As CBS2's Kristine Johnson reported, Greenwood -- overwhelmed with student loans and a life she said was stagnating -- considered the ultimate out.
"When you fake your death you have to go all the way. There's nothing you can bring with you, not your boyfriend, not your girlfriend, not your pet, nothing," she said.
It's called pseudo-cide, and it's proved to be more popular than some believe.
"I went home and did a quick Google search, 'Fake your own death,' and this entire world appeared before my eyes," Greenwood said.
Greenwood's own journey in the world of the death hoax is played out in 'Playing Dead.'
"I think as I went further and further along in the process, interviewing these characters, it became quite clear to me that this really wasn't my answer," she said.
Greenwood came face-to-face with some high profile death hoaxers like financier Steve Israel who tried to dodge a long jail term for defrauding investors, and Long Island father and son team Raymond and Jonathan Roth who were looking for a fat insurance payout.
Their plots failed.
Israel and the senior Roth are still in jail. Jonathan Roth was released after a year.
"It's the after the fact that can be dangerous or risky," privacy consultant Frank Ahearn explained.
Ahearn's specialty is helping people disappear.
"I have a thing called the fluke factor -- it's the thing you never know. It's who's around the corner, who do you run into, you walk into a hotel, there's cameras there, you're driving through toll booths there's a camera," he said.

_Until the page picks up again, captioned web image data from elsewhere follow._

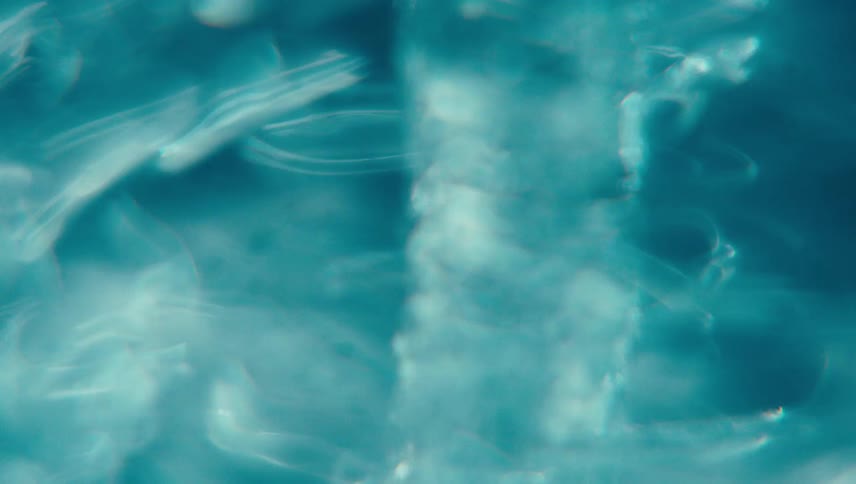 A water funnel forms as the liquid spins around very rapidly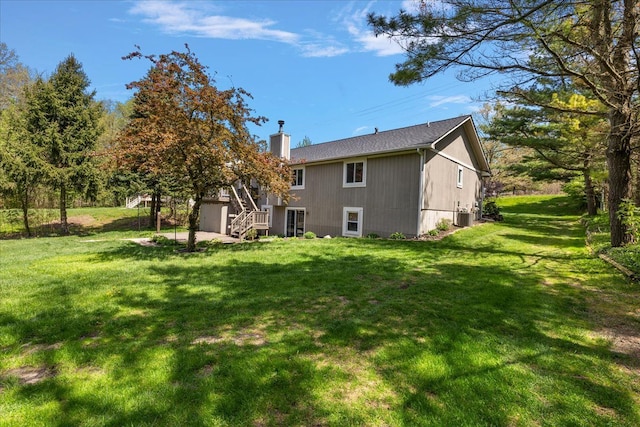 1160 S Baldwin Rd, Lake Orion, MI 48360 - rear view of house with central air condition unit, a chimney, stairway, and a yard
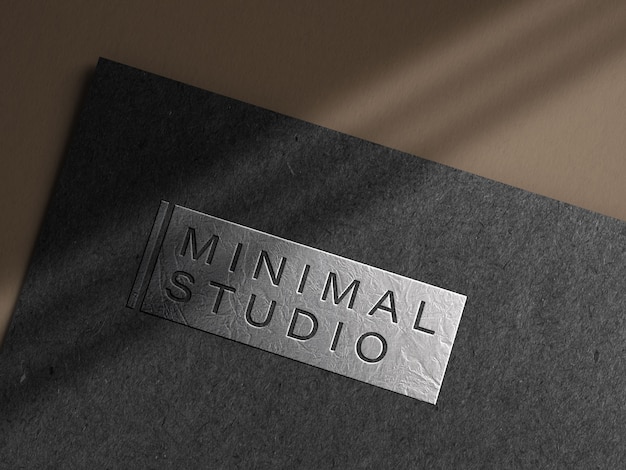 Embossed Silver Logo Mockup on Dark Paper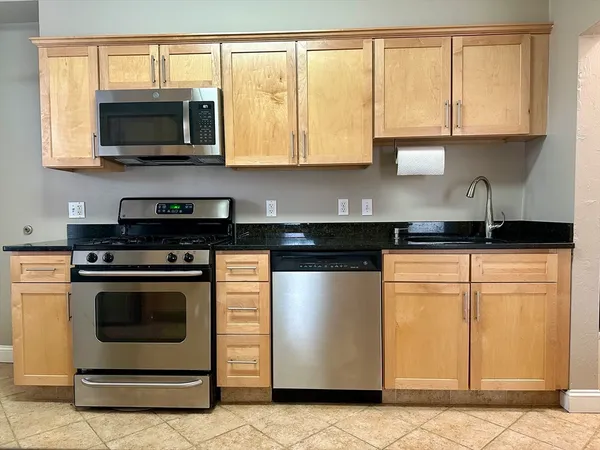a kitchen with stainless steel appliances granite countertop a stove a sink and a microwave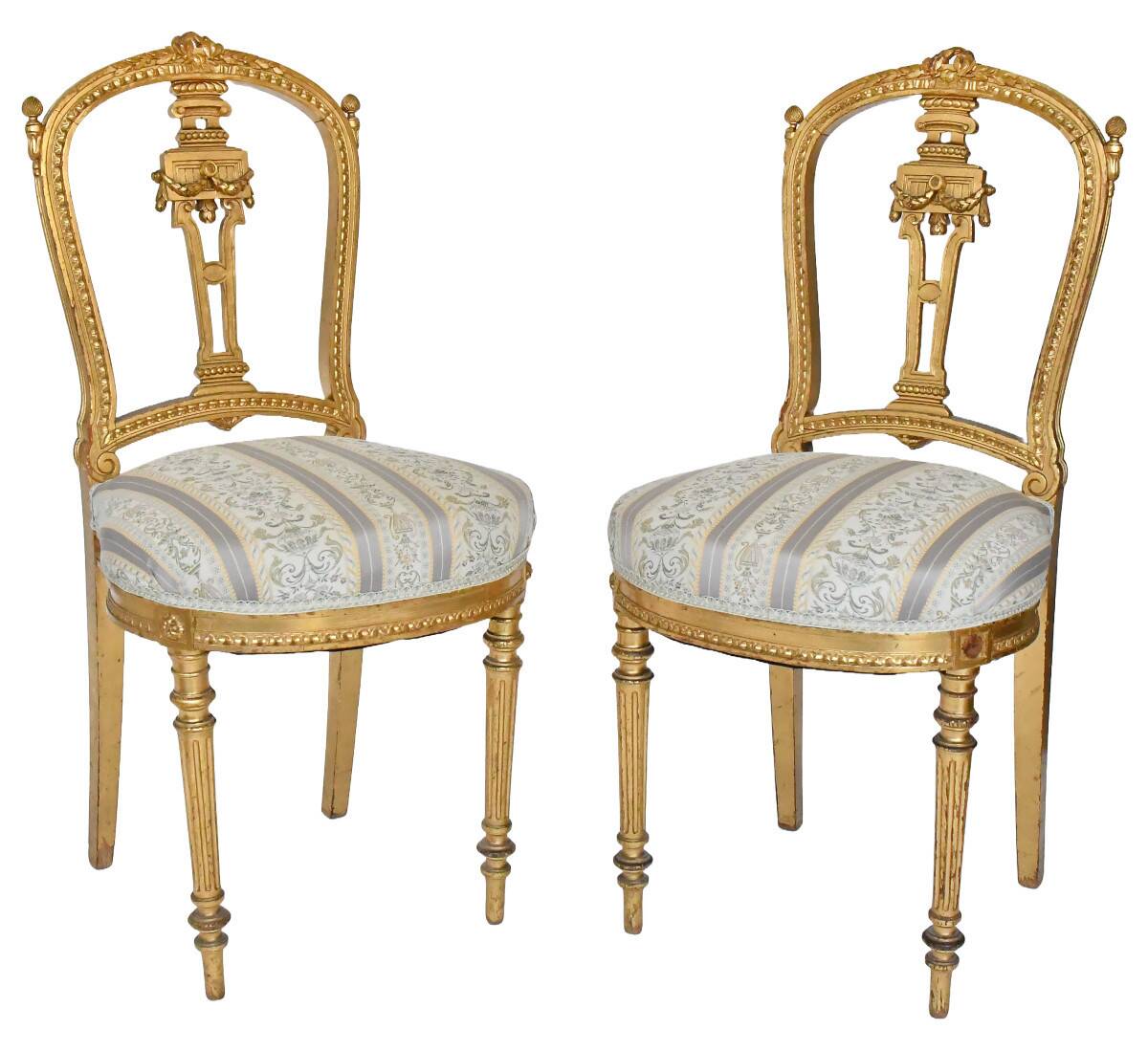 Pair of Louis XVI style chairs in gilded wood.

Olivia Newton John's former boyfriend disappeared from a fishing boat and was presumed dead.
"He just got fed up with his life and he went to Mexico," Ahearn said.

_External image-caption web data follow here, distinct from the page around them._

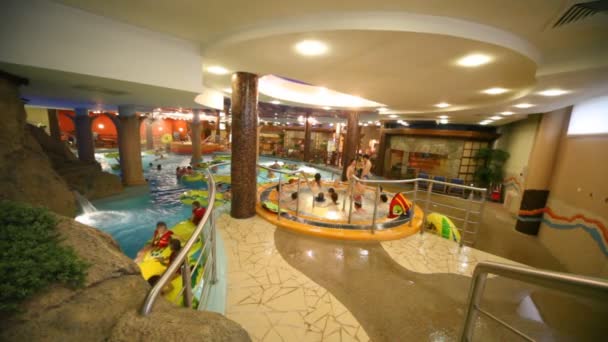 Jacuzzi mit Erwachsenen befindet sich in der Nähe des Pools, wo Kinder in Schwimmwesten schwimmen — Stockvideo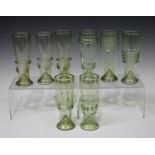 Eight pale green tinted Powell type drinking glasses, 20th century, each of tapered cylindrical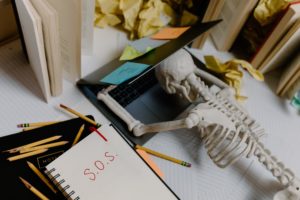 A fake skeleton lays with its head on a laptop covered in sticky notes. Next to it is a notebook with S.O.S. written on it. It's surrounded by books, papers, and scattered pencils.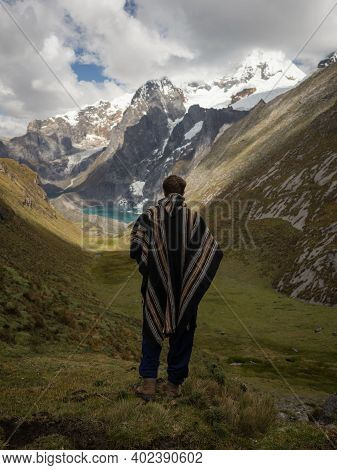 Young Male Hiker In Traditional Poncho At Cordillera Huayhuash Circuit Andes Mountain Gangrajanca La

Discovered very much alive, he's facing legal scrutiny for the insurance payout to his son.
Water is a popular medium for pseudo-ciders, but according to Ahearn and Greenwood it's far from foolproof.
"If you want to make it seem like you plunged from a bridge, in certain cases they have dredged reservoirs to look for a body," Greenwood said.

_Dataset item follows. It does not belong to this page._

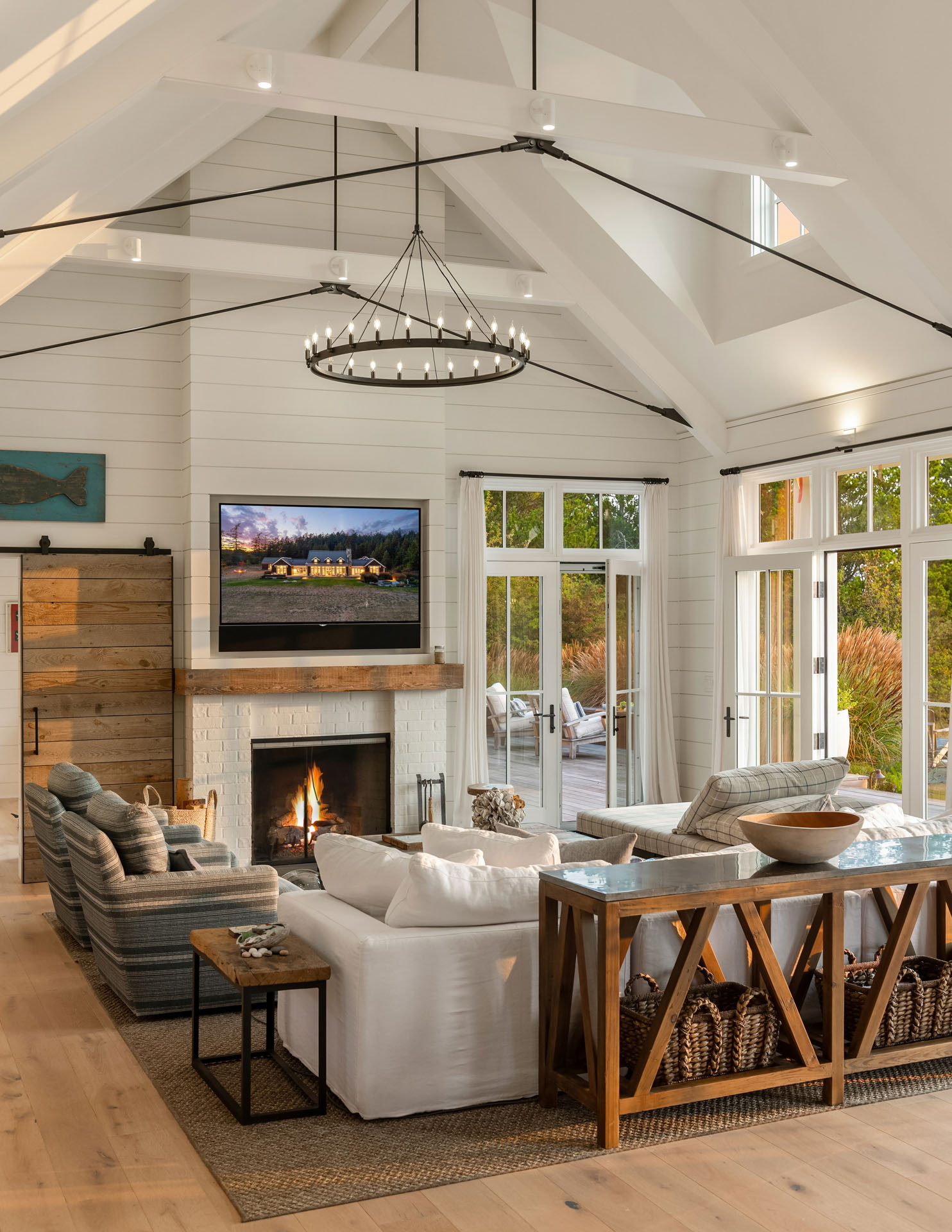 A bright, open living room with exposed beam ceilings, large windows, and a cozy fireplace. The space features a white sectional sofa, a wooden coffee table, and a flat-screen TV mounted above the fireplace. Natural light enhances the airy atmosphere.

She even held her own counterfeit death certificate in her hands.
"It was this chill that came over me," Greenwood recalled.
Barbara Greenberg is a clinical psychologist who said living a false identity can be fraught with anxiety.
"I think of it as hashtag human insensitivity, because what about all these people who have counted on you, and relied on you, who you are now turning your back on completely," she said.
For Greenwood, the closer she got to 'dying' the easier it came to back away, saying that even with a fake death certificate she was '99 percent certain' she wouldn't go through with it.
As far as the legality of faking your own death -- filing false documents, and insurance fraud are just a few of the charges that can be filed.